Know the ins and outs when making a career move.
Gone are the days of staying at the same job with the same company for decades. In fact, people aren’t even staying in the same line of work for a whole career anymore. According to research from the U.S. Department of Labor, the average American worker will change careers five to seven times throughout their life, and approximately 30% of the workforce now changes jobs every 12 months.
People are changing jobs for one reason or another – more money, less stress, more opportunity, more stability – and often their employer retirement account is not what’s top of mind. But when you’re switching jobs, you should always understand the status of your retirement account. Where is it held? How is it invested? What are the rules for transfers or withdrawals?
Here are some considerations to keep in mind as you embark on your new opportunity and leave the past in the rearview (except for your retirement account, of course).
Before you start actioning a plan for your former employer retirement account, determine if any action needs to be taken in the first place. If your career move is between companies that are somehow related – as in a parent-subsidiary relationship, for example – they may be part of what’s called a “controlled group,” and no action on your part will be necessary. It’s possible that the same plan is offered with all companies in a controlled group.
If that’s not the case, there are a few options for you to think about.

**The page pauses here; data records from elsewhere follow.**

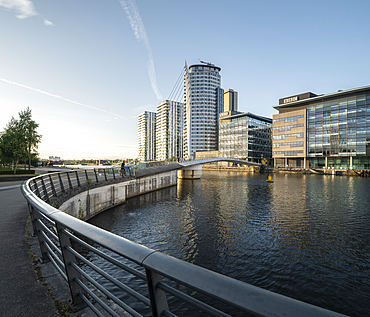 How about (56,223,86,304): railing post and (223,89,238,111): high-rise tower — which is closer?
(56,223,86,304): railing post

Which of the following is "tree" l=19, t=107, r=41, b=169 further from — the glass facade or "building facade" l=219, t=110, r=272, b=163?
"building facade" l=219, t=110, r=272, b=163

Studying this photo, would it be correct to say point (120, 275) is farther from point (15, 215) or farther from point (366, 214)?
point (366, 214)

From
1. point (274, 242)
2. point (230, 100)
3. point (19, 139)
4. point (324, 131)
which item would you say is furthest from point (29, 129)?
point (230, 100)

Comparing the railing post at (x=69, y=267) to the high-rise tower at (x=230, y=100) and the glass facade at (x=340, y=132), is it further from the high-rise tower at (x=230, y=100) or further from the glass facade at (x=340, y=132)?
the high-rise tower at (x=230, y=100)

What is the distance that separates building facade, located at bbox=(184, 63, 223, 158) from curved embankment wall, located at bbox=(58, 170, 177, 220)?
131434 mm

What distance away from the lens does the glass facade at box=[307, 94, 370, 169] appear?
77312 millimetres

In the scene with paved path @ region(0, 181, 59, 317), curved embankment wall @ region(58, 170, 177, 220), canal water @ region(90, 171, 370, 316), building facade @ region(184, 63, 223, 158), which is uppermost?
building facade @ region(184, 63, 223, 158)

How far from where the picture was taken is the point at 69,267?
9.48 ft

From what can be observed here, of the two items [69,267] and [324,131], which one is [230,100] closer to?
[324,131]

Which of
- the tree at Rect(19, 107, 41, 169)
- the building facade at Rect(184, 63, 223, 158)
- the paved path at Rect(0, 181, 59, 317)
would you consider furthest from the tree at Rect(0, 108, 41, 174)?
the building facade at Rect(184, 63, 223, 158)

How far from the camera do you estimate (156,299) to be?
176 centimetres

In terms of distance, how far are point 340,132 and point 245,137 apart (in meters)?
Result: 44.5

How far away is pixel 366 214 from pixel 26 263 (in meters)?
25.2

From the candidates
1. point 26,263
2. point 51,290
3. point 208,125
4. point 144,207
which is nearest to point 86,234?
point 51,290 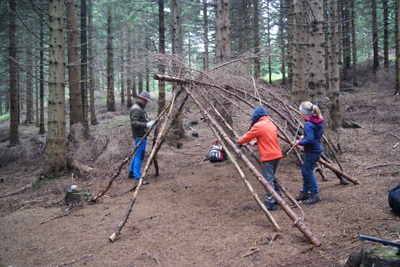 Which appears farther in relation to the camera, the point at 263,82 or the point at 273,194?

Leave the funds where they are. The path of least resistance is to leave your account where it is. But the first step is to ensure that your former employer allows you to do so. If you can leave your account with your old employer and choose to do so, how can you make sure you’ll remember that money is there in 20, 30 or 40 years? An estimated 24.3 million 401(k) accounts with an average balance of over $55,000 were left behind by job changers in 2021.
The amount of money you have in the account may factor into whether you can keep it with your previous employer. Some employers require a transfer if there’s less than $5,000 in an account, or even automatically cut the employee a check for the balance if it’s under $1,000. (If your employer does this, you’ll need to sock that money into another retirement account ASAP, or face paying taxes and possibly penalties on it.) Something else to note is that employer plans often have higher fees and fewer investment choices while an IRA has more investment options, potentially lower fees, or might also include the help of a financial advisor.

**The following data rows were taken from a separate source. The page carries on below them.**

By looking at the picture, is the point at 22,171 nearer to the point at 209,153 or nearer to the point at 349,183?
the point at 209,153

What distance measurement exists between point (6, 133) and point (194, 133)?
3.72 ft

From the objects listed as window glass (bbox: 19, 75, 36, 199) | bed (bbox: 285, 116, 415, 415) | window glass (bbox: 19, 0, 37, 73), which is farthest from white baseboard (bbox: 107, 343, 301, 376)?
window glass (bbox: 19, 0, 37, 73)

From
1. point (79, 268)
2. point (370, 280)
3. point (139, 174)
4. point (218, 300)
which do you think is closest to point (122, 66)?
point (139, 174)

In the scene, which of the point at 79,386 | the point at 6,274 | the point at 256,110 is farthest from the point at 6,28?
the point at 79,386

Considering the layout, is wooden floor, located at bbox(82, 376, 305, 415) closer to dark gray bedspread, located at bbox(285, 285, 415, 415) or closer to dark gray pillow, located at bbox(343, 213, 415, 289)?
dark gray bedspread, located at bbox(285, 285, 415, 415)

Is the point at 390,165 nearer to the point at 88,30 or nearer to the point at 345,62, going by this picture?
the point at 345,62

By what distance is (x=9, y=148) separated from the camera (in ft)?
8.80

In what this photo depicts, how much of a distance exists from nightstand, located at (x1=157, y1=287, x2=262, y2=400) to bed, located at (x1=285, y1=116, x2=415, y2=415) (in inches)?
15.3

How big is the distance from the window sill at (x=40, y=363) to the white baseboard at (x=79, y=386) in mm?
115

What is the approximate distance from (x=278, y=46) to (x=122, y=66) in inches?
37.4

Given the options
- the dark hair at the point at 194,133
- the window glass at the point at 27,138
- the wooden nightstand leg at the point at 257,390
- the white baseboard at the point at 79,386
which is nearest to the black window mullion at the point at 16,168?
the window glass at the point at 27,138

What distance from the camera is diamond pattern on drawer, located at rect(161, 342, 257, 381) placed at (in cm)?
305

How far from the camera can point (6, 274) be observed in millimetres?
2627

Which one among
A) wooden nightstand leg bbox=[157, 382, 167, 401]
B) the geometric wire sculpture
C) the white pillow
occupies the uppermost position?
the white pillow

Roll funds into a new plan. While keeping your balance with your previous employer plan can save you the trouble of a rollover, that might not always be the most beneficial move. Due diligence is important to avoid transferring funds from a former employer account to a more restrictive one. Some accounts have rules like not allowing you to access your funds until 65 years old, or not until you’ve been separated from the company for a certain number of years. You don’t want it to be more difficult to access your funds.
If you decide to transfer your 401(k) balance to your new employer’s plan, your top priority should be following the transfer rules to a T. A direct rollover orchestrated by your new employer’s plan administrator is the most straightforward method. If you don’t perform a direct rollover, you could face penalties and taxes on the transaction.
Cash out the plan. If you’re thinking about taking the money and making a run for it, think twice. If you don’t meet a 10% penalty exception, you’ll likely pay an early withdrawal penalty, plus income tax – state and federal – on the balance. You’ll also sacrifice the potential growth your investments could’ve seen with more time in the account.
When it comes time to retire and you have retirement accounts scattered about, there’s no need to panic. If you have a variety of employer-sponsored plans – like 401(k)s, Roth 401(k)s, 403(b)s, 457(b)s, IRAs and Roth IRAs – whether you want to withdraw from the taxable accounts first depends on factors such as your tax bracket, account balances and other income sources. Your advisor, who understands your entire financial picture, should be able to advise you on what will be the most beneficial order in which to take distributions.
With any employer-sponsored retirement plan, you’ll be required to withdraw a minimum amount of money each year (a “required minimum distribution,” or RMD) once you reach your Required Beginning Date. This might get a bit complicated to keep track of if you maintain multiple accounts. Familiarize yourself with each plan’s terms because each may include additional specifications for accessing your money.
Always remember you have options for what to do with your savings in retirement plans. When changing jobs, consider those options carefully to position your savings to do the most for you.